Outro indicador importante para a indústria, a venda de papelão ondulado caiu 4,5% em dezembro, em relação ao mesmo mês de 2007. "Dizemos que o setor é um termômetro da economia porque o papelão embala 65% de tudo que é transportado. A queda foi influenciada fortemente pela menor demanda de exportadores", explica Paulo Sérgio Peres, presidente da Associação Brasileira de Papel Ondulado (ABPO). Na mesma comparação, a geração de energia elétrica no Sistema Interligado Nacional caiu quase 5%. Puxando a indústria para baixo, a produção de veículos caiu para 102 mil unidades, metade da vista no último mês de 2007. Mesmo com o fôlego dado pela redução de impostos, as vendas do setor automotivo, que tem um estoque para mais de 30 dias, continuam abaixo do que eram antes da crise.

"Notamos agora que a crise atingiu primeiro os setores que estavam puxando a produção e o emprego no Brasil, como mineração e as montadoras. Eram líderes e agora estão sofrendo", diz o economista Rogério César Souza, do Instituto de Estudos para o Desenvolvimento Industrial (Iedi). O problema, segundo ele, é que outros segmentos que poderiam ganhar com a desvalorização cambial e que estavam demitindo antes da crise dificilmente vão segurar a economia no curto prazo. É o caso da indústria da madeira, que perdeu mercado por causa do câmbio e que agora não encontra demanda.

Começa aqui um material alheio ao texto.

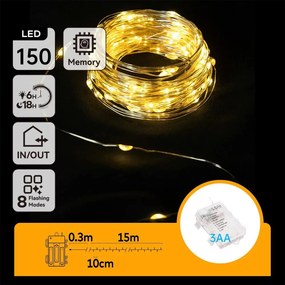 Aigostar -LED външен коледен гирлянд 150xLED/8 функции 3xAA 15,3m IP44 топло бяло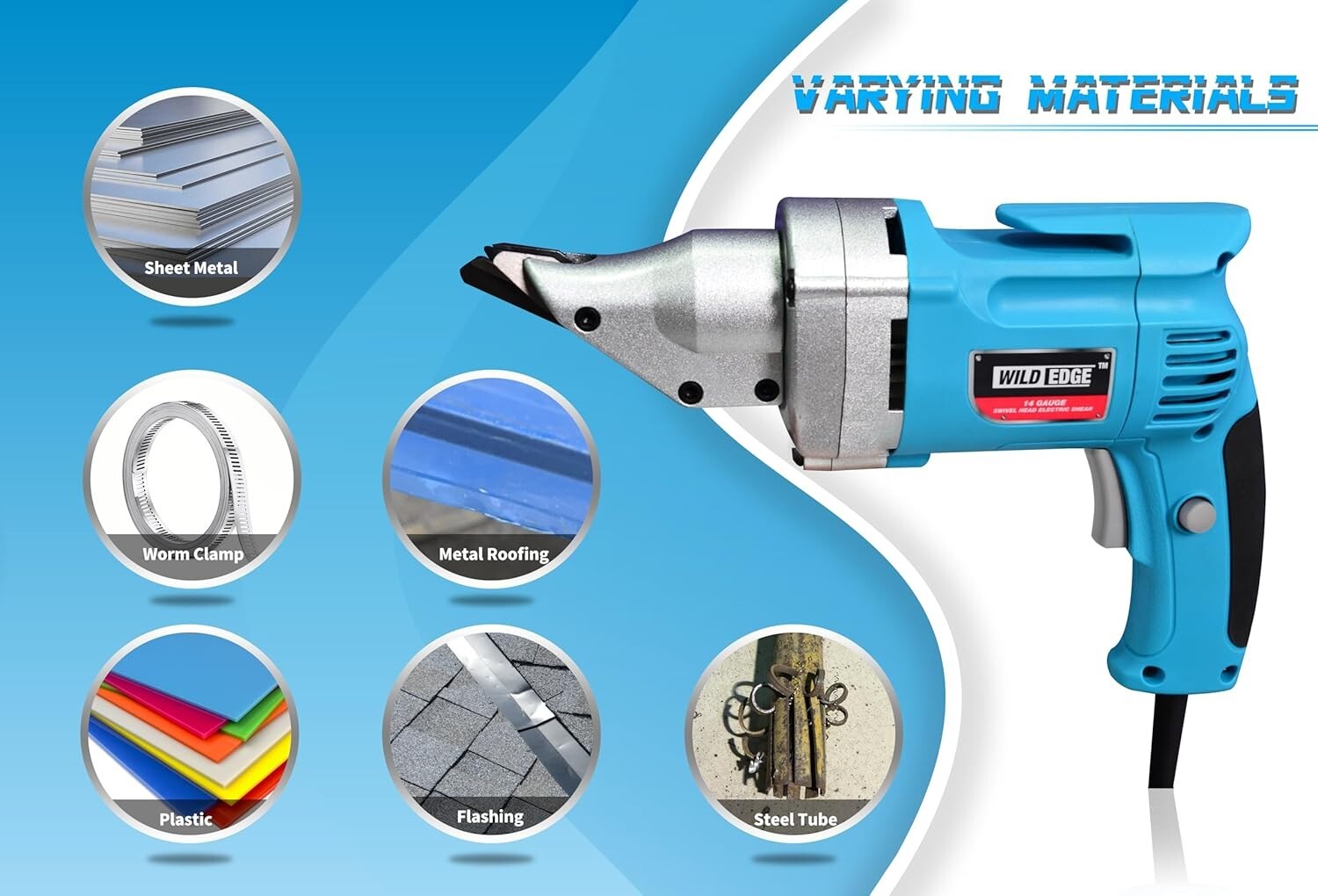 Professional 14 Gauge Metal Cutter - Ergonomic Design, 2700 SPM Variable Speed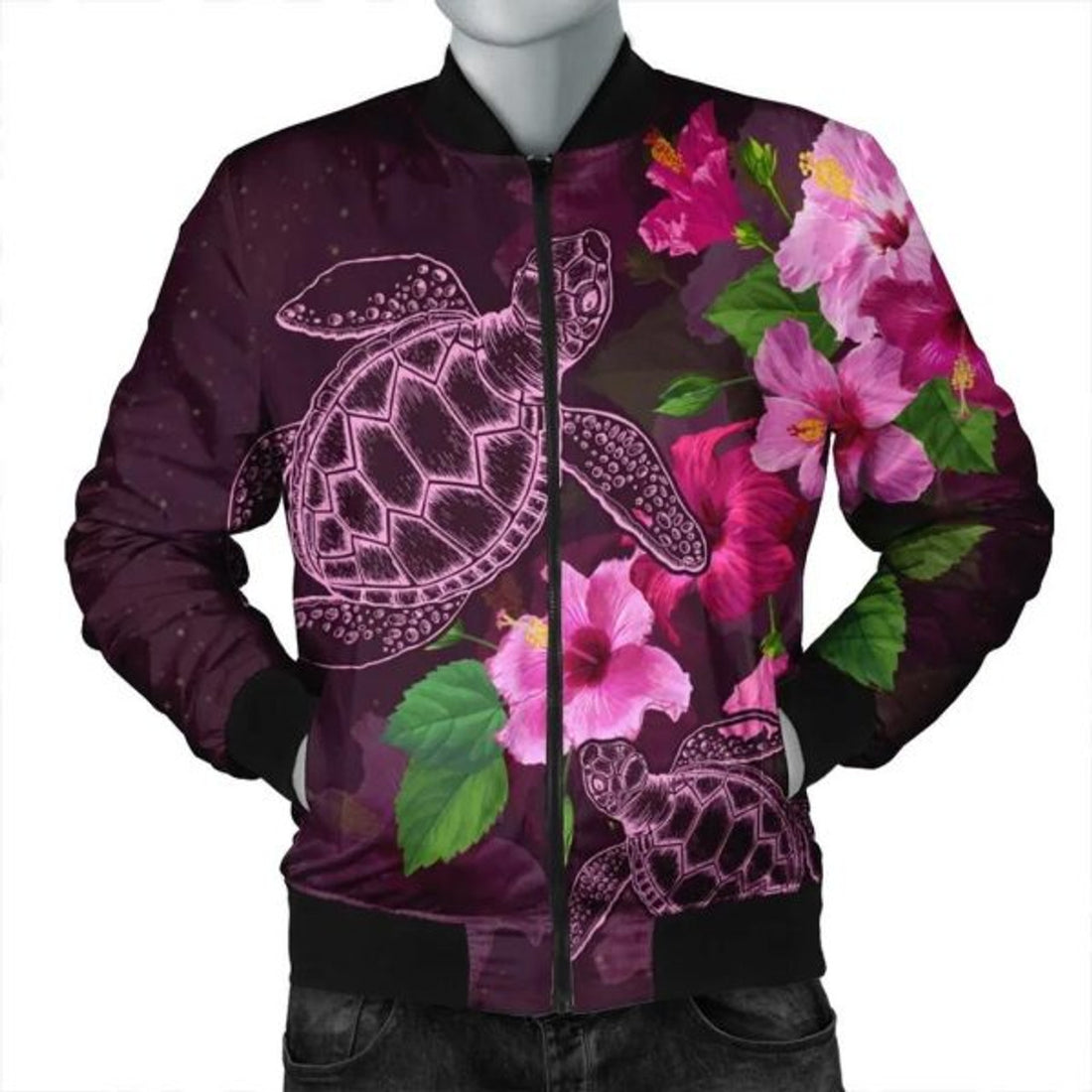 FUNSTUFFPRINT Hawaii Turtle Hibiscus Pink Simple Bomber Jacket - AH - R Bomber Jacket
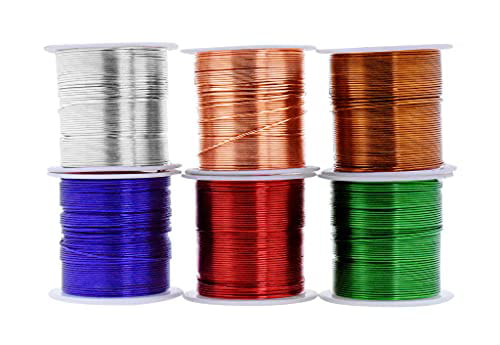 Garden Colored and Soft Mandala Crafts Anodized Aluminum Wire for Sculpting Gem Metal Wrap 14 Gauge, Combo 2 Assorted 6 Rolls Armature Jewelry Making 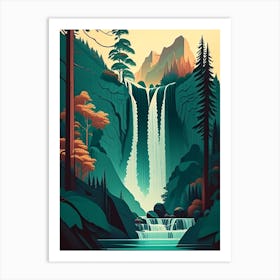 Waterfalls In Forest Water Landscapes Waterscape Retro Illustration 1 Art Print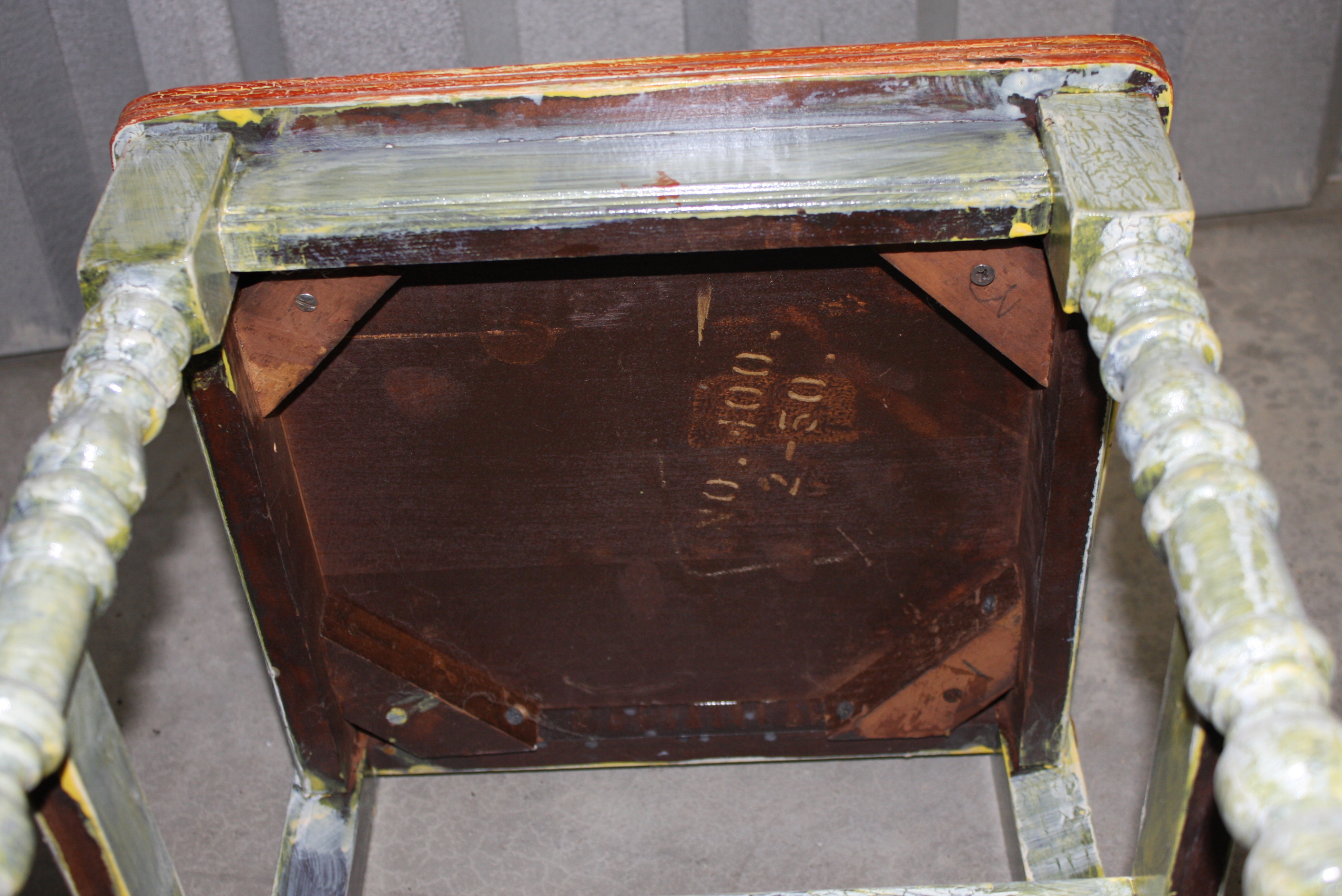 Vintage Painted Telephone Table and Chair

Entram nessa lista as áreas de têxteis e calçados.

O resultado dessa combinação de queda nos setores que eram mais dinâmicos até setembro e de apatia nos segmentos que perderam com o câmbio é que o impacto da crise chega rapidamente ao emprego. Em novembro, foram fechados 40 mil postos de trabalho e admite-se que o corte em dezembro chegou a 650 mil vagas, o dobro do normal. "Há diversos fatores que jogam para baixo as expectativas. É grande o risco de haver mais deterioração no primeiro trimestre", completa Souza.